Tiga Tantangan Komisi Nasional Disabilitas
Kolom

Tiga Tantangan Komisi Nasional Disabilitas

Mulai dari posisi sekretariat, luasnya ruang lingkup, hingga membangun komunikasi dengan lembaga lain. Tujuannya untuk membangun pondasi agar tidak layu sebelum berkembang.

Bacaan 5 Menit
Fajri Nursyamsi. Foto: Istimewa
Fajri Nursyamsi. Foto: Istimewa

Komisi Nasional Disabilitas (KND) merupakan lembaga yang diamanatkan oleh Undang-Undang Nomor 8 Tahun 2016 tentang Penyandang Disabilitas (UU Penyandang Disabilitas). Ketentuan itu kemudian diatur lebih lanjut dalam Peraturan Presiden Nomor 68 Tahun 2020 tentang Komisi Nasional Disabilitas (Perpres 68/2020) sekaligus memerintahkan pembentukannya. Setelah melalui proses seleksi, pada 1 Desember 2021, Presiden Republik Indonesia resmi melantik 7 anggota KND, sekaligus menandakan KND jilid I resmi bertugas.

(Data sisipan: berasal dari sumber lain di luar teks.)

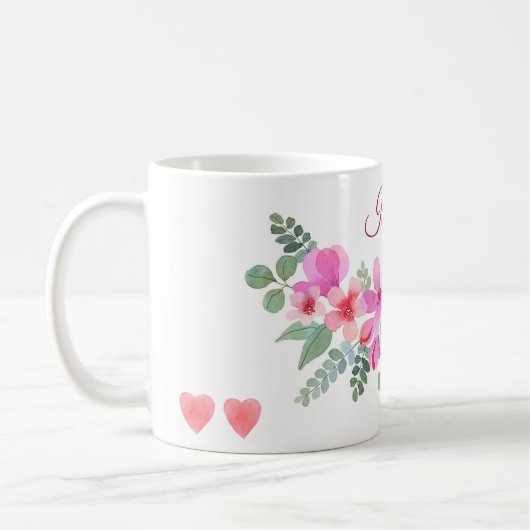 Mug de fleurs roses (Gauche)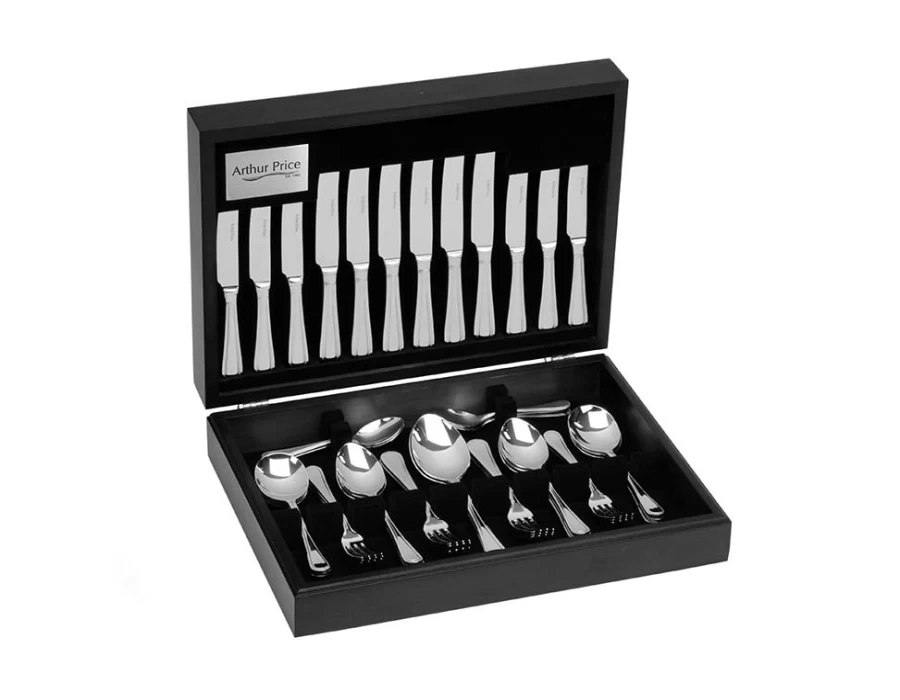 Arthur Price Everyday Classic 124-Piece Stainless Steel Cutlery Set, 12-Person Canteen Service for Elegant Dining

Pembentukan KND disambut harapan di tengah upaya Pemerintah menjalankan amanat dalam mewujudkan penghormatan, pelindungan, dan pemenuhan hak-hak penyandang disabilitas. Namun begitu, terselip keresahan yang mendalam terhadap kekuatan kelembagaan KND untuk menjawab berbagai harapan tersebut, khususnya dalam melaksanakan semangat dan prinsip dari UU Penyandang Disabilitas yang menempatkan isu disabilitas dalam pendekatan lintas sektor.

Bagaimanapun, KND bukanlah eksekutor lapangan, melainkan lembaga pengawas eksternal dari Pemerintah dan pemerintah daerah dalam menjalankan tugas dan kewenangannya yang diatur dalam UU Penyandang Disabilitas. Dalam peran ini, KND perlu memetakan dengan cermat permasalahan yang ada dan menjawab pertanyaan besar “bagaimana KND dapat berperan dalam penyelesaian permasalahan tersebut?”.

Realitas bahwa KND adalah lembaga eksternal dari birokrasi Pemerintah tercantum dalam ketentuan Pasal 132 UU Penyandang Disabilitas yang mengatur bahwa tugas dari KND adalah melaksanakan pemantauan, evaluasi, dan advokasi pelaksanaan penghormatan, pelindungan, dan pemenuhan hak penyandang disabilitas. Dari tugas itu dapat terlihat bahwa KND bukan pelaksana langsung, tetapi memastikan Pemerintah dan pemerintah daerah menjalankan tugasnya dalam mewujudkan penghormatan, pelindungan, dan pemenuhan hak penyandang disabilitas berdasarkan UU Penyandang Disabilitas.

Tantangan terbesar bagi KND dalam menjalankan posisi sebagai pengawas eksternal adalah posisi Sekretariat KND dalam Pasal 9 ayat (4) Perpres 68/2020 yang berkedudukan di unit kerja Kementerian Sosial, yang merupakan salah satu obyek pengawasan dari KND. Sekretariat KND bertugas untuk memberikan dukungan teknis dan administratif, termasuk penyediaan anggaran bagi KND. Dalam konstruksi perencanaan dan penganggaran di Indonesia, ketentuan itu menjadikan jalur anggaran KND akan masuk dalam pagu anggaran Kementerian Sosial.

Kondisi itu menjadikan posisi KND tidak diuntungkan secara sistem, sehingga perlu didukung faktor di luar sistem, agar mandat sebagai lembaga pengawas eksternal yang independen tetap terjaga. Bentuk dukungan paling krusial adalah dari organisasi penyandang disabilitas sebagai pemangku kepentingan terbesar. Skema pengisian anggota KND yang keseluruhannya dipilih dari masyarakat sipil, tidak ada anggota yang berstatus sebagai ex officio atau perwakilan Pemerintah, menambah urgensi bahwa KND adalah perpanjangan tangan dari masyarakat penyandang disabilitas.

Dengan begitu, penting bagi KND mengawali langkahnya untuk berkonsolidasi dengan organisasi penyandang disabilitas di seluruh wilayah Indonesia. KND perlu memberikan ruang yang besar bagi organisasi penyandang disabilitas untuk ikut dalam merancang kerja KND ke depan, sehingga terjalin proses yang saling percaya dan memastikan KND bermitra dekat, serta saling mendukung dengan organisasi penyandang disabilitas.